Records provided section start

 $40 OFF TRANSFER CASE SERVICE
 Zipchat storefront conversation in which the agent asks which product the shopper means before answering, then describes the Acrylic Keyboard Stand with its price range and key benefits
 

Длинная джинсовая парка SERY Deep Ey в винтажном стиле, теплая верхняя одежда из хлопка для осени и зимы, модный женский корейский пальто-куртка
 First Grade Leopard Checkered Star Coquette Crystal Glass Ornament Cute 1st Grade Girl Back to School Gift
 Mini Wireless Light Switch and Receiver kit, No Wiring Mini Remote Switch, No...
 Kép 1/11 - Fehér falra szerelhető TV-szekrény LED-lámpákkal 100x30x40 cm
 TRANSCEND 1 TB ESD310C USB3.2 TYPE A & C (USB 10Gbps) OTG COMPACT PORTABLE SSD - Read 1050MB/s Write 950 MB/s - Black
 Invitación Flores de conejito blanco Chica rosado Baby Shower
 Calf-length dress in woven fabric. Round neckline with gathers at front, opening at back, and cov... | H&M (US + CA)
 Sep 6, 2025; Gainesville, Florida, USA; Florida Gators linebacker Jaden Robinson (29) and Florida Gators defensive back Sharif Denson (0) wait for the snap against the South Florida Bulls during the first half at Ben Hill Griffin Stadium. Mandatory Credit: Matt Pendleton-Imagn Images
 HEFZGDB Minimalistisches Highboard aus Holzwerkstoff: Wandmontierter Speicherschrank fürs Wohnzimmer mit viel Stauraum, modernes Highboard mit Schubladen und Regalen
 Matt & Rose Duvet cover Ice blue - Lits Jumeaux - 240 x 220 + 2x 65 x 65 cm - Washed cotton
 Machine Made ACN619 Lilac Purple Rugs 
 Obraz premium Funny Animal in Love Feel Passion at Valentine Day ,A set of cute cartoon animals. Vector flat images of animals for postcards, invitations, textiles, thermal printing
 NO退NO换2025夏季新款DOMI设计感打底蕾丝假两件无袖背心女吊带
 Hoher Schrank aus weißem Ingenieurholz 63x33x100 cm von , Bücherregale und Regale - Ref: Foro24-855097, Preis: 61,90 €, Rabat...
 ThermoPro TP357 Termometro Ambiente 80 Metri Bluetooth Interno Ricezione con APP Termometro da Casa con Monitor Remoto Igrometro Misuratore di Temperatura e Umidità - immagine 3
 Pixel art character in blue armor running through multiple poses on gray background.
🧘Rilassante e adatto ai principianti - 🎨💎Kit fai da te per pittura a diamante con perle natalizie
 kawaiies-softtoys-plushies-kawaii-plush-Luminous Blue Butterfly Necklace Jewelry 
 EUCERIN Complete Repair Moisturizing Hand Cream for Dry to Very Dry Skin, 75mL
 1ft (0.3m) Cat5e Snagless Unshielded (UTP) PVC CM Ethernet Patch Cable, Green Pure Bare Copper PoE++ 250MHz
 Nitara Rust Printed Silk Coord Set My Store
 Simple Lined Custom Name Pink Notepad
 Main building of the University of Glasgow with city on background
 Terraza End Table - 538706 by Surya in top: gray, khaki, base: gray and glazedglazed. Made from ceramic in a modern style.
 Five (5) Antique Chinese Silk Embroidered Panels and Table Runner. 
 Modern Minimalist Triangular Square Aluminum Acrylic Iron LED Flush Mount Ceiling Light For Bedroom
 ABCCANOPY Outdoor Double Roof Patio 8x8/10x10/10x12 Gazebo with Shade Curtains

Records provided section end

• _What you will do_: Quote, with nothing altered, all lines from the start of the entries to the line that carries "Hoher Schrank aus", inclusive.

• _Result of this exercise_:
 $40 OFF TRANSFER CASE SERVICE
 Zipchat storefront conversation in which the agent asks which product the shopper means before answering, then describes the Acrylic Keyboard Stand with its price range and key benefits
 

Длинная джинсовая парка SERY Deep Ey в винтажном стиле, теплая верхняя одежда из хлопка для осени и зимы, модный женский корейский пальто-куртка
 First Grade Leopard Checkered Star Coquette Crystal Glass Ornament Cute 1st Grade Girl Back to School Gift
 Mini Wireless Light Switch and Receiver kit, No Wiring Mini Remote Switch, No...
 Kép 1/11 - Fehér falra szerelhető TV-szekrény LED-lámpákkal 100x30x40 cm
 TRANSCEND 1 TB ESD310C USB3.2 TYPE A & C (USB 10Gbps) OTG COMPACT PORTABLE SSD - Read 1050MB/s Write 950 MB/s - Black
 Invitación Flores de conejito blanco Chica rosado Baby Shower
 Calf-length dress in woven fabric. Round neckline with gathers at front, opening at back, and cov... | H&M (US + CA)
 Sep 6, 2025; Gainesville, Florida, USA; Florida Gators linebacker Jaden Robinson (29) and Florida Gators defensive back Sharif Denson (0) wait for the snap against the South Florida Bulls during the first half at Ben Hill Griffin Stadium. Mandatory Credit: Matt Pendleton-Imagn Images
 HEFZGDB Minimalistisches Highboard aus Holzwerkstoff: Wandmontierter Speicherschrank fürs Wohnzimmer mit viel Stauraum, modernes Highboard mit Schubladen und Regalen
 Matt & Rose Duvet cover Ice blue - Lits Jumeaux - 240 x 220 + 2x 65 x 65 cm - Washed cotton
 Machine Made ACN619 Lilac Purple Rugs 
 Obraz premium Funny Animal in Love Feel Passion at Valentine Day ,A set of cute cartoon animals. Vector flat images of animals for postcards, invitations, textiles, thermal printing
 NO退NO换2025夏季新款DOMI设计感打底蕾丝假两件无袖背心女吊带
 Hoher Schrank aus weißem Ingenieurholz 63x33x100 cm von , Bücherregale und Regale - Ref: Foro24-855097, Preis: 61,90 €, Rabat...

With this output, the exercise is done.